To pound the chicken I usually go for a rolling pin, but a mallet or heavy pan will also do the trick. You want them fairly thin, but not so thin they fall apart. The main thing is to get them even thickness.

Process shots: lay thigh on chopping board (photo 1), rest over cling film (photo 2), pound with rolling pin (photo 3), remove cling film (photo 4).

4 step by step photos showing how to pound chicken thigh

Buttermilk Fried Chicken

Buttermilk is key in perfectly fried chicken. Buttermilk is slightly acidic, meaning it tenderizes the chicken as it rests. It’s also got the perfect consistency for coating the chicken and helping the batter stick.

What can I sub buttermilk for?

You’ll find buttermilk in most stores, but if you don’t have it you can mix 1 cup milk with 1 tbsp vinegar. Let it sit for 10mins, when it curdles slightly you’re good to go.

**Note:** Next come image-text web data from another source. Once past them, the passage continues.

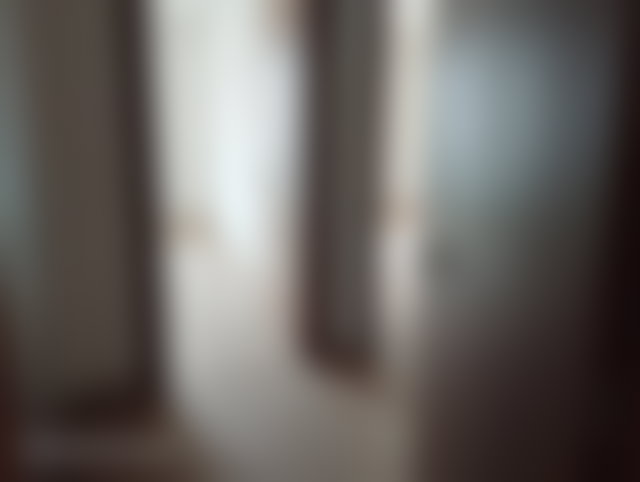 Appartement 190 m², 3 chambres en suite, Souissi, Rabat — 4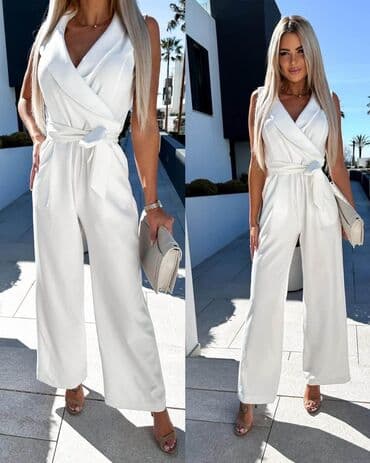 mona kombinezoni: 2600 — 10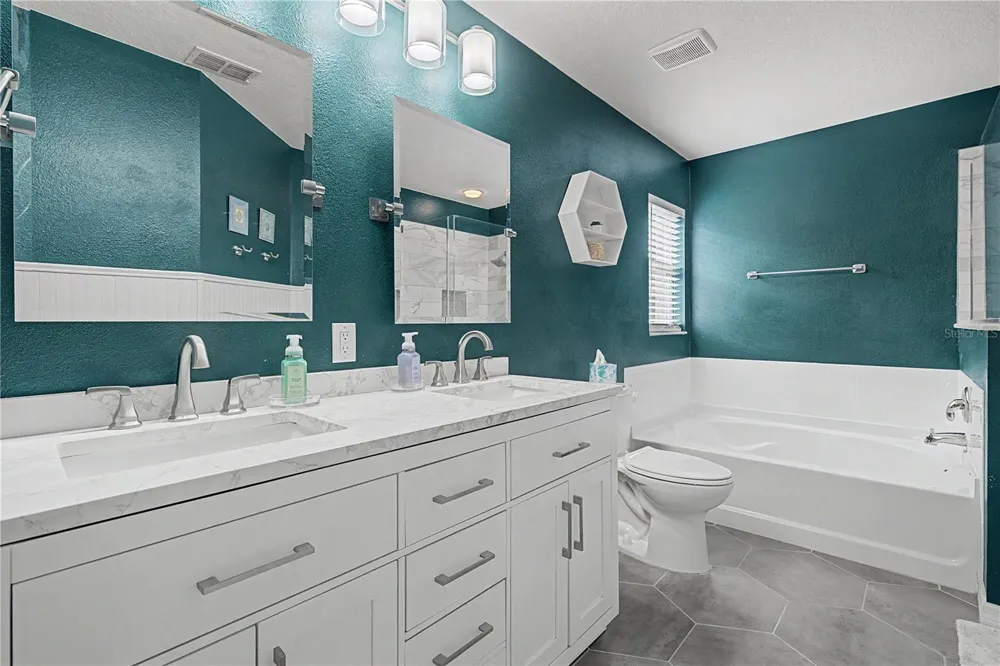 3908 BRILEY LOOP Land O Lakes, FL 34638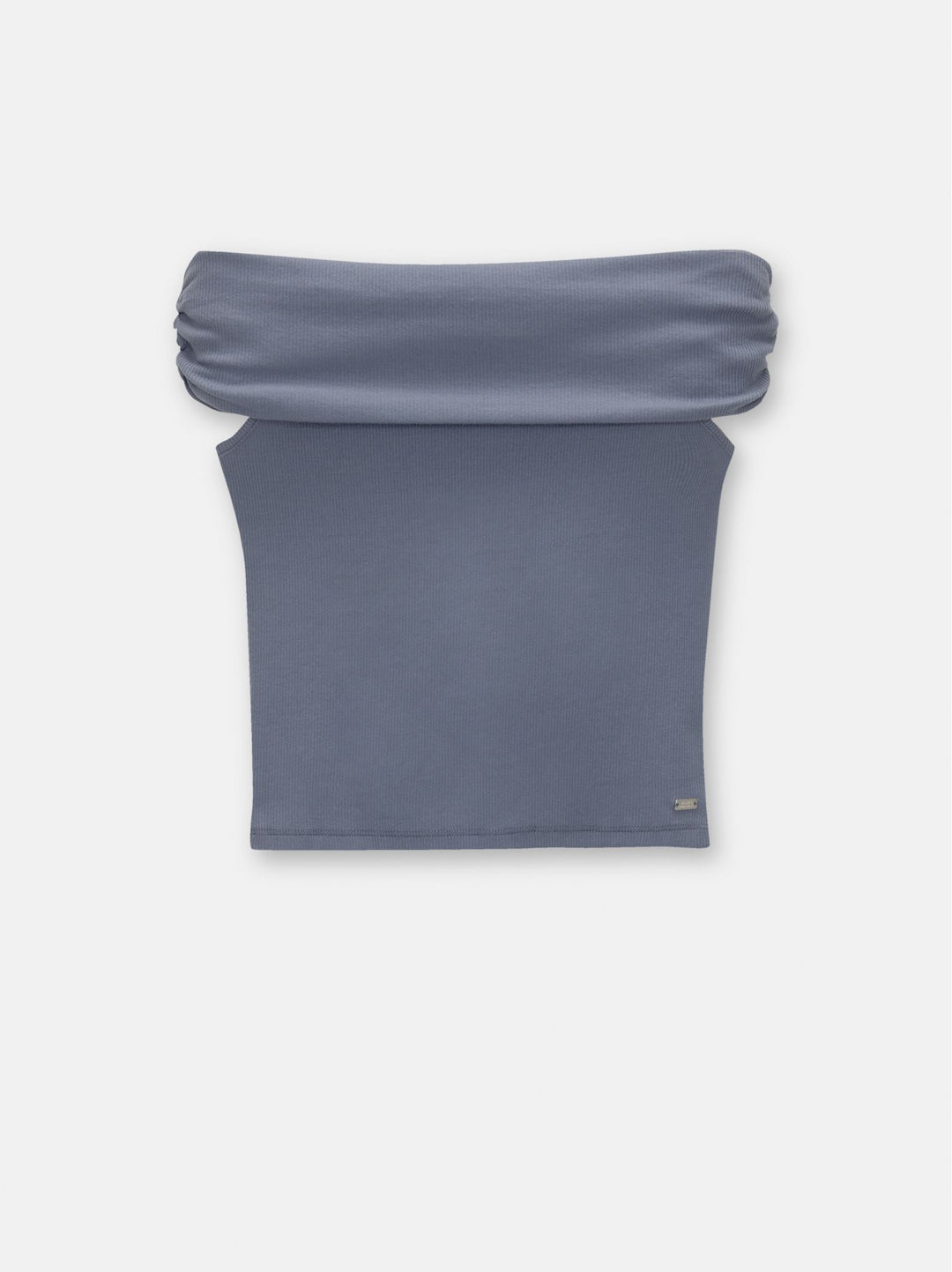 Moudda PULL & BEAR - T-Shirt - Tunisie 4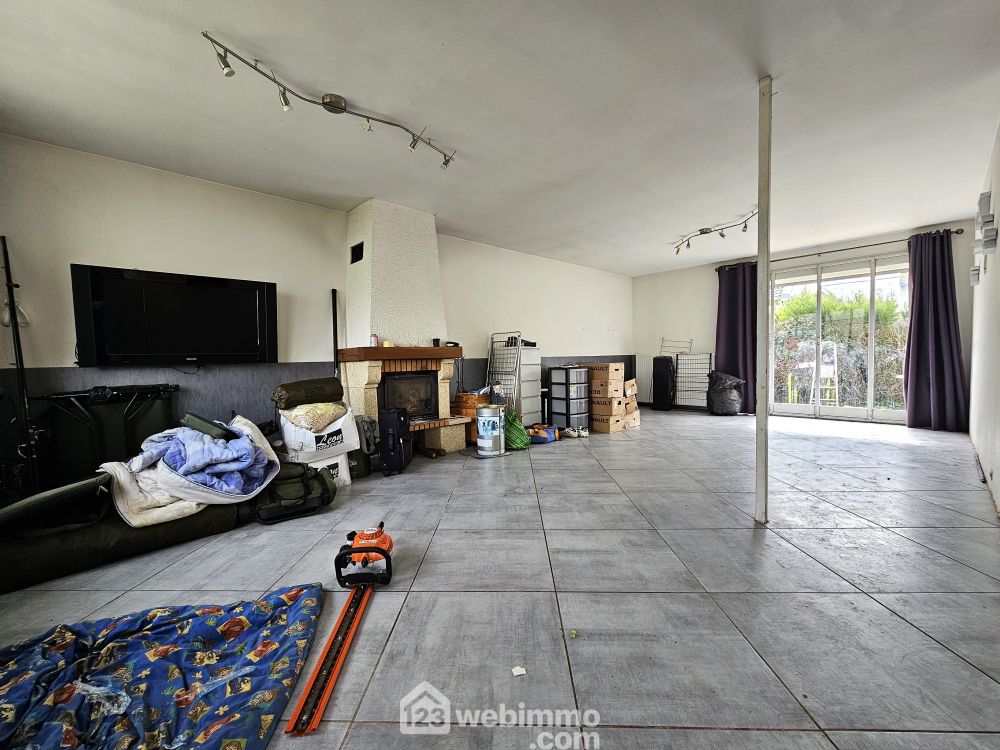 Photo 12 - Laon 02000 à Laon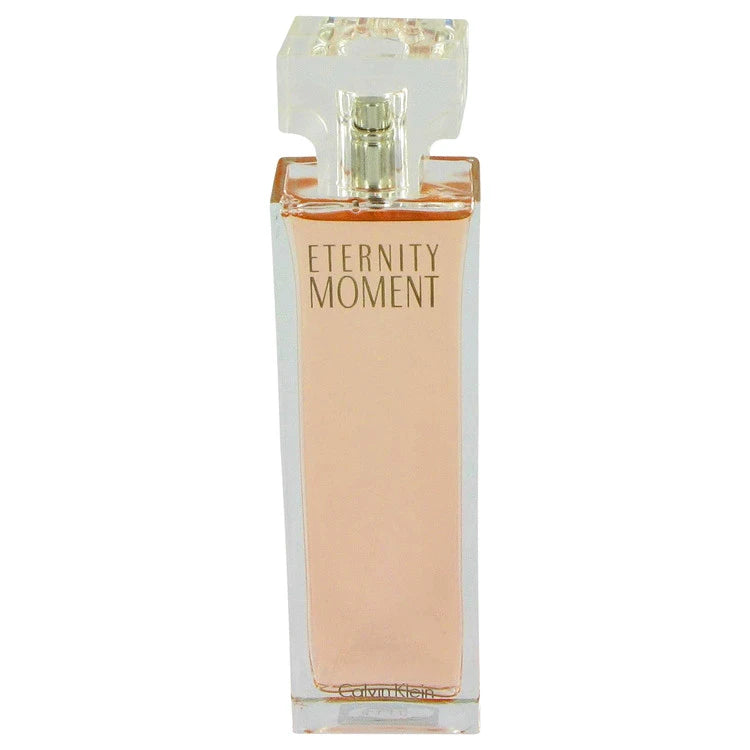 Eternity Moment Inspired Perfume Fresh Fruity Floral Scent-Scents of Aroma Inc.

How long to marinate chicken in buttermilk?

I generally advise a minimum of 4 hours, up to overnight. Go for as long as you have time for though, even just 30mins will work wonders!

Process shots: add spices and buttermilk to a mixing bowl (photo 1), stir to combine (photo 2), add chicken (photo 3), stir to combine, cover and marinate in fridge (photo 4).

4 step by step photos showing how to marinate fried chicken

EXTRA Crispy Fried Chicken

Dredging the chicken is where you create the crunchy coating. Here’s three crucial steps to consider when coating the chicken:

  • Marinade – Do not drain off the marinade. Take the chicken out the bowl, give it a gentle shake then plonk it straight in the flour. The excess marinade will create lots of small crumbs in the flour, which when attached to the chicken will create those extra crunchy craggy parts.
  • Coating – When coating the chicken use your hands and work the flour into every crack and crevice. Really make sure you build up a nice crust on the chicken, don’t just press each side in the flour and leave it at that. Get down and dirty – it makes all the difference!
  • One by one – Coat the thighs one by one. If you add them all at the same time the flour will go thick and sludgy, leaving the batter chewy.

Process shots: add flour to shallow dish (photo 1), stir in spices (photo 2), add chicken (photo 3), coat in flour (photo 4), repeat (photo 5).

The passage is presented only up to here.